How Often Do I Backup my Log?

  • Comments posted to this topic are about the item How Often Do I Backup my Log?

  • Good editorial. Excellent article.

    Fortunately, in my day to day life database backups and recovery have never been my responsibility (at least not since before I started using SQL Server in 1999 - newbie to some, old hand to others, ridiculous to all). Having said that, I think that this is such a fundamental that we all should have (at least) a reasonable knowledge. Of course, a DBA should understand this in depth (otherwise you will have Jeff to deal with).

    This editorial is one of the few that comes across as not so much as a question to debate but a stern steering.

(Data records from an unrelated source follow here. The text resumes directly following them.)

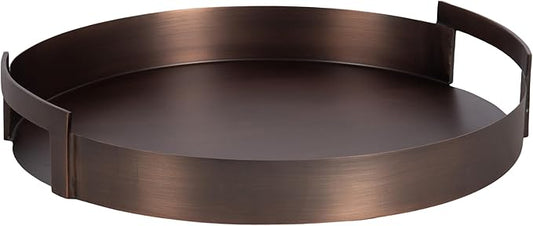 Kate and Laurel Myo Transitional Metal Round Tray, 15 Inch Diameter, Bronze, Modern Glam Circular Decorative Serving Tray with Handles for Use as Living Room Ottoman Table or Entryway Tray Decor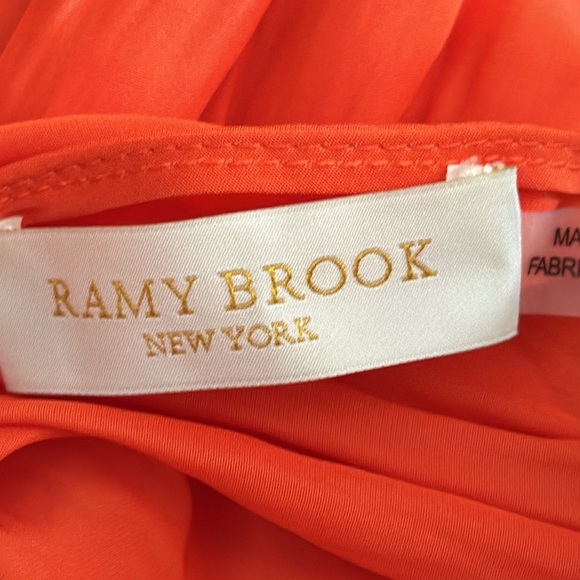 RAMY BROOK Perla Halter-Neck Smocked Waist Dress Ruffle Tiered Sunset Orange S - Picture 9 of 14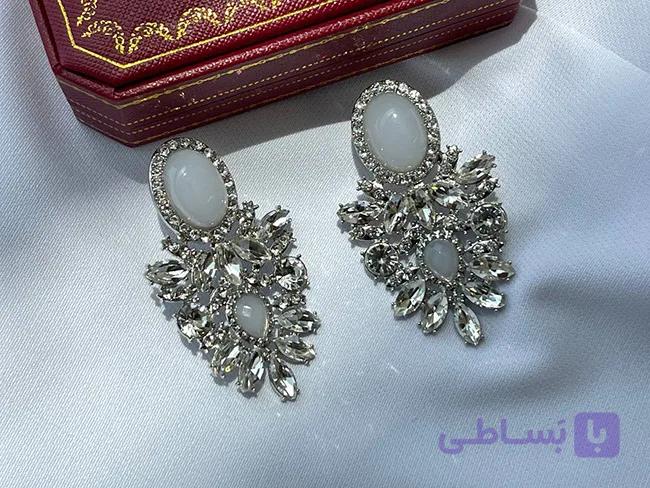 گوشواره کریستال مجلسی استیل — تصویر 1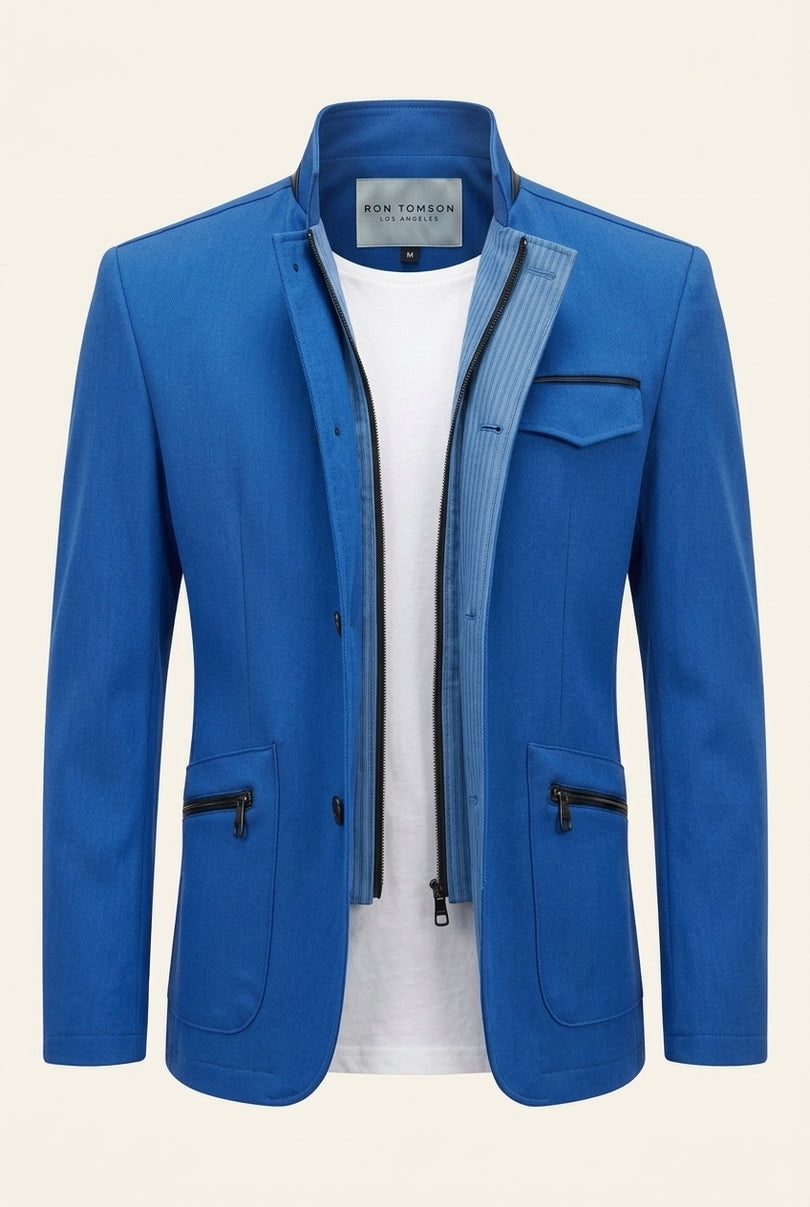 Stand Collar Denim Blazer - Sax - Front (Alt)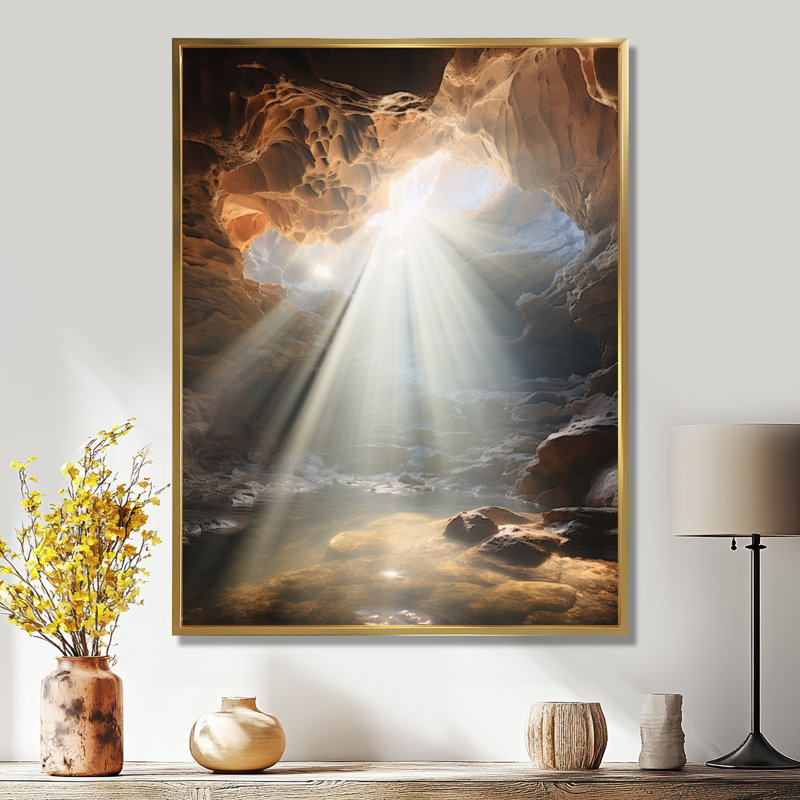 «God Rays Sunshine In The Cave By The Ocean - Landscape Mountains Wall Art Living Room, H 32 po x l 24 po
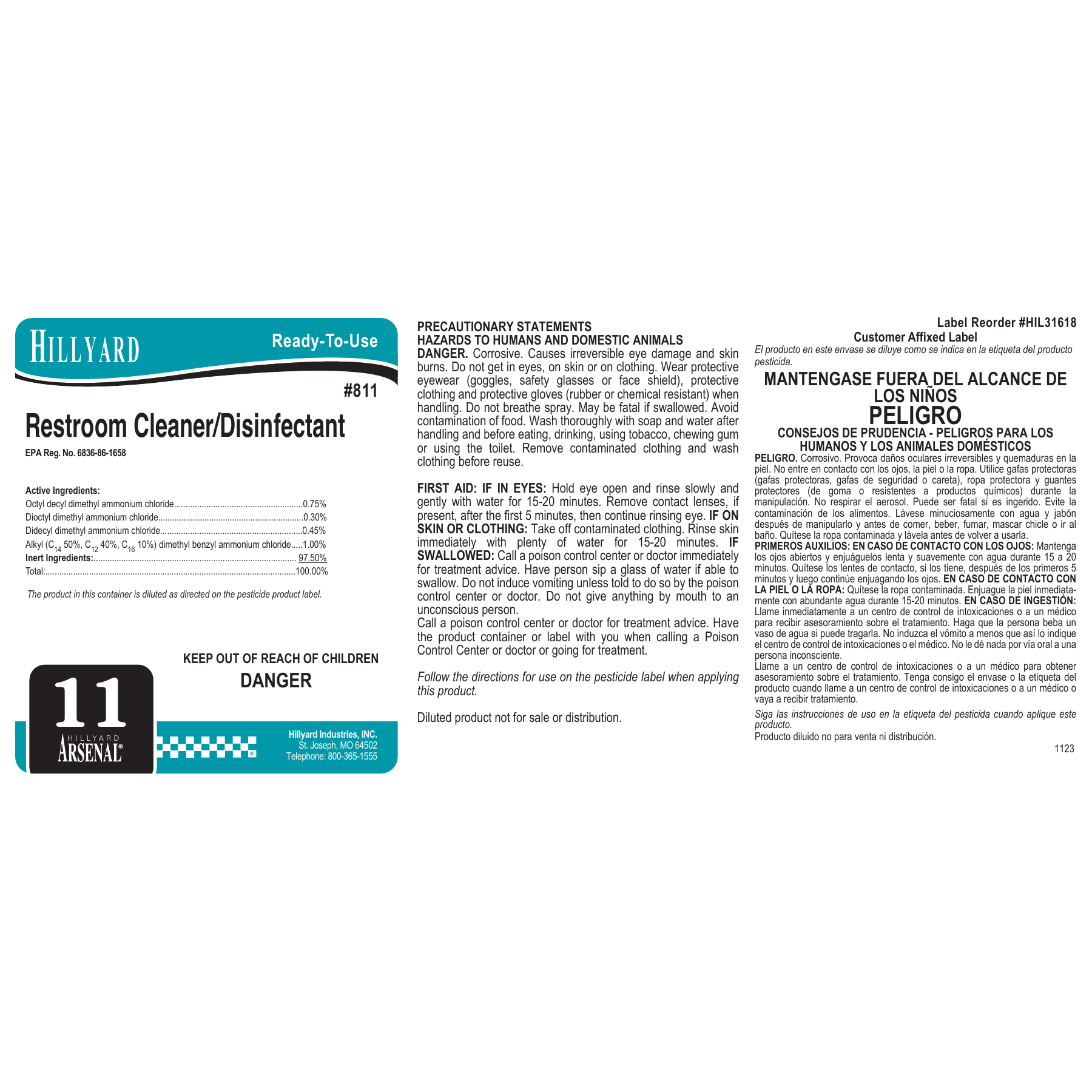 Restroom Cleaner Disinfectant (81125) RTU Labels — 25 Pack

Given what is said, I for one totally understand that.

    Gaz

    -- Stop your grinnin' and drop your linen...they're everywhere!!!

  • “The maximum amount of data that can be lost in the case of a disaster”

    This statement may need a bit of an update, or an clause that assumes your only recovery option is via your log backups. If you are using 2012 HA or have replicated storage to your disaster system then your data loss may be lower, possibly seconds of loss.

  • How much data loss can you tolerate? That has been the question forever. It doesn't matter what platform I worked on, backup frequency and recovery options always boiled down to that one question. It makes it so much easier to determine backup and restore strategy when that question is answered.

    Don't assume it will be none. There are systems/applications that can tolerate some data loss because the data can be re-entered or retrieved from some base document.

    Getting yelled at has never been a concern for me. I always contact the user community and together we determine backup strategy. They sign off on it and are aware of any potential data loss and how to respond.

    Tom

  • EricEyster (2/12/2014)


    This statement may need a bit of an update, or an clause that assumes your only recovery option is via your log backups. If you are using 2012 HA or have replicated storage to your disaster system then your data loss may be lower, possibly seconds of loss.

    Depends on the kind of disaster. Neither option you mention offer much protection against the 'oops, did I just drop that table on production?'. Depending on where the servers are situated, they may or may not offer protection against a complete loss of a building, or a data center or a city (floods, power outages, seismic events, tornado, hurricane, etc)

    I would say, especially if you have some form of HA, your log backup frequency should be determined by maximum amount of data loss tolerable, as if you're resorting to backups in that situation then every other HA option implemented has already failed.

    Gail Shaw
    Microsoft Certified Master: SQL Server, MVP, M.Sc (Comp Sci)
    SQL In The Wild: Discussions on DB performance with occasional diversions into recoverability

    We walk in the dark places no others will enter
    We stand on the bridge and no one may pass
  • As Gail mentioned, disasters vary. It's easy to think of HA as protecting you from disaster, but it doesn't. Don't conflate the idea of HA with DR. They are separate.

  • "Tolerance for being yelled at" is a great way to put it. I can't think of a better one.

    If the data is financial transactions, event registrations, or something else where every record dropped adds an extra person or company you are going to be dealing with during recovery, you might want to be stashing a separate log of that information somewhere else as well.

  • Steve Jones - SSC Editor (2/12/2014)


    As Gail mentioned, disasters vary. It's easy to think of HA as protecting you from disaster, but it doesn't. Don't conflate the idea of HA with DR. They are separate.

    Thanks for making that point Steve. HA <> DR

    Jason...AKA CirqueDeSQLeil
    _______________________________________________
    I have given a name to my pain...MCM SQL Server, MVP
    SQL RNNR
    Posting Performance Based Questions - Gail Shaw[/url]
    Learn Extended Events

  • Steve Jones - SSC Editor (2/12/2014)


    As Gail mentioned, disasters vary. It's easy to think of HA as protecting you from disaster, but it doesn't. Don't conflate the idea of HA with DR. They are separate.

    Oh how true. I can tell you from experience that if a developer runs a script that truncates most of the main tables in production, HA and SAN replication does not protect you. And when I asked how often the transaction logs were backed up, I got the most wonderful answer, "What do you mean?"!!

  • Another question to always keep in mind is how long is do you want to keep the tran log/differential backups.

    If you have a business that is doing a hundred new sales/transactions/entries per hour and someone does a mass delete that you know about twenty-five minutes later then you want to get as close as possible before the delete.

    But if someone purged last year's record by mistake and you discover it two days later are you going to want to do a PIT recovery to two days ago and lose all the the current data?

    Or are you going to do a parallel DB restore and find a way to move the old data across? And if it is a delivered app/db can you do that? That needs to be built in as part of DR planning process.



    ----------------
    Jim P.

    A little bit of this and a little byte of that can cause bloatware.